Whatever appears in the records, retype it exactly, except for the pictures.

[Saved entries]
= = = = = = =

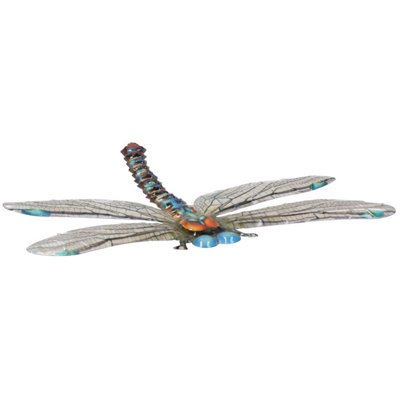 Dragonfly Garden Indoor Outdoor Metal And Glass Wall Art Sculpture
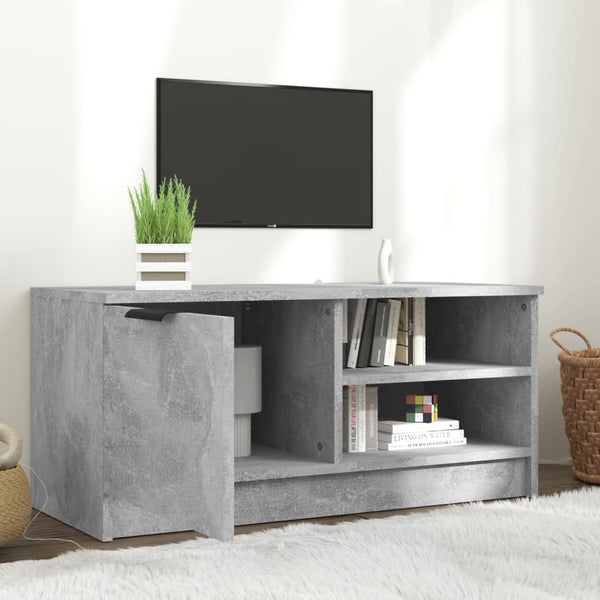 Meuble TV vidaXL gris béton 80x35x36,5 cm Aggloméré
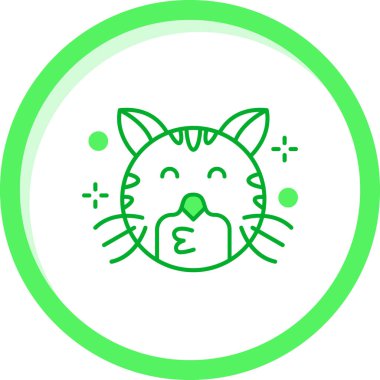 hayvan simgesi vektör illüstrasyonu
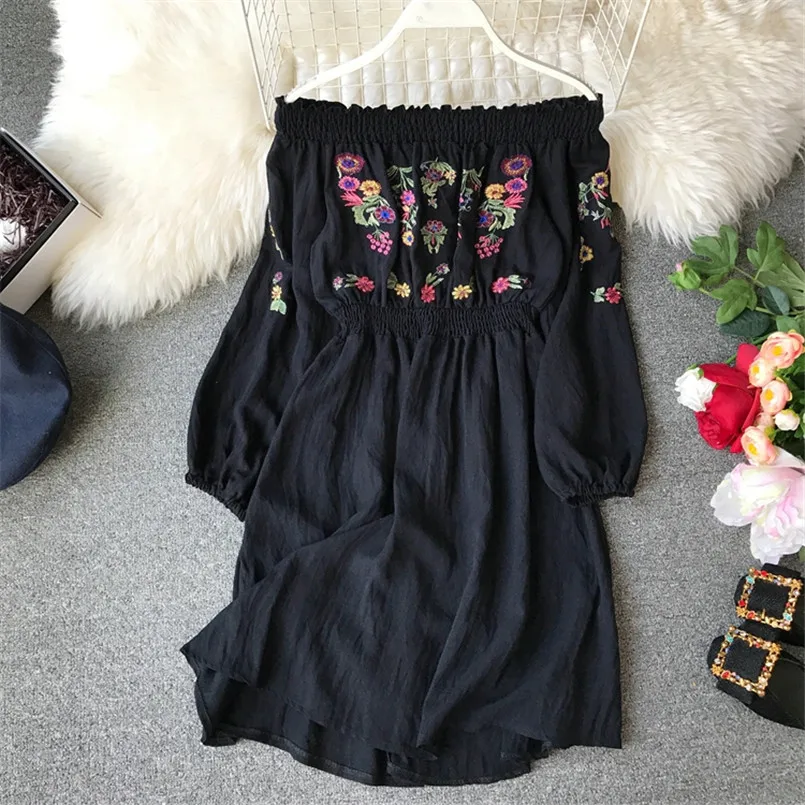 New Off Shoulder Sexy Spring Summer Embroidery Flower Mini Short Dress Party Vestido De Festa Women Casual Long Sleeve Vestidos
New Off Shoulder Sexy Spring Summer Embroidery Flower Mini Short Dress Party Vestido De Festa Women Casual Long Sleeve Vestidos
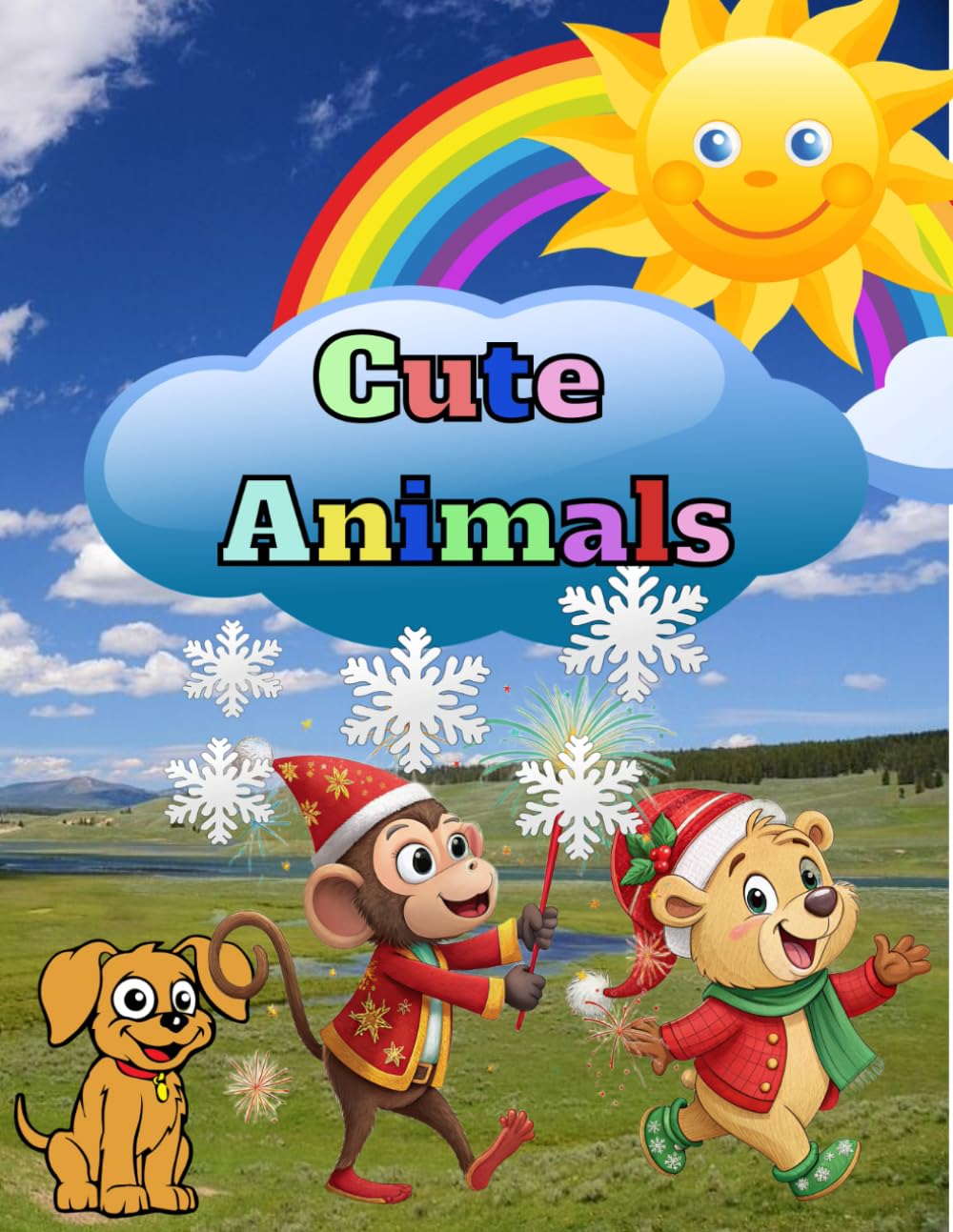 Cute Animals Colouring Book for Kids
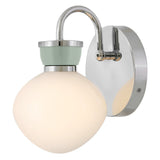 Lucy Vanity Light 1 Light Chrome Seafoam By Lark Living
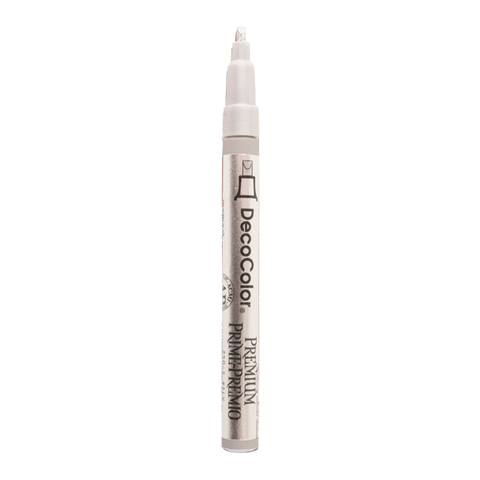 DecoColor Premium Leafing Tip Marker - Silver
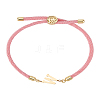 1Pc Adjustable Nylon Cord Slider Bracelets for Women BJEW-LP0001-32W-03-1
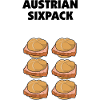 Austrian Sixpack - Sechsertragerl Leberkäse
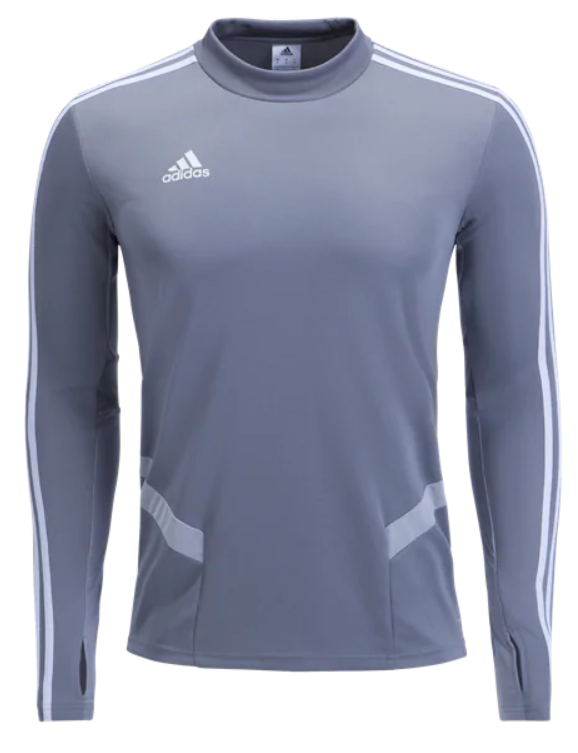 adidas Tiro 19 Training Top - Grey/White Training Wear Mens Small Grey/White - Third Coast Soccer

= = = = = = =

» **Result below**:
 Dragonfly Garden Indoor Outdoor Metal And Glass Wall Art Sculpture
 Meuble TV vidaXL gris béton 80x35x36,5 cm Aggloméré
 hayvan simgesi vektör illüstrasyonu
 New Off Shoulder Sexy Spring Summer Embroidery Flower Mini Short Dress Party Vestido De Festa Women Casual Long Sleeve Vestidos
New Off Shoulder Sexy Spring Summer Embroidery Flower Mini Short Dress Party Vestido De Festa Women Casual Long Sleeve Vestidos
 Cute Animals Colouring Book for Kids
 Lucy Vanity Light 1 Light Chrome Seafoam By Lark Living
 DecoColor Premium Leafing Tip Marker - Silver
 1Pc Adjustable Nylon Cord Slider Bracelets for Women BJEW-LP0001-32W-03-1
 Austrian Sixpack - Sechsertragerl Leberkäse
 adidas Tiro 19 Training Top - Grey/White Training Wear Mens Small Grey/White - Third Coast Soccer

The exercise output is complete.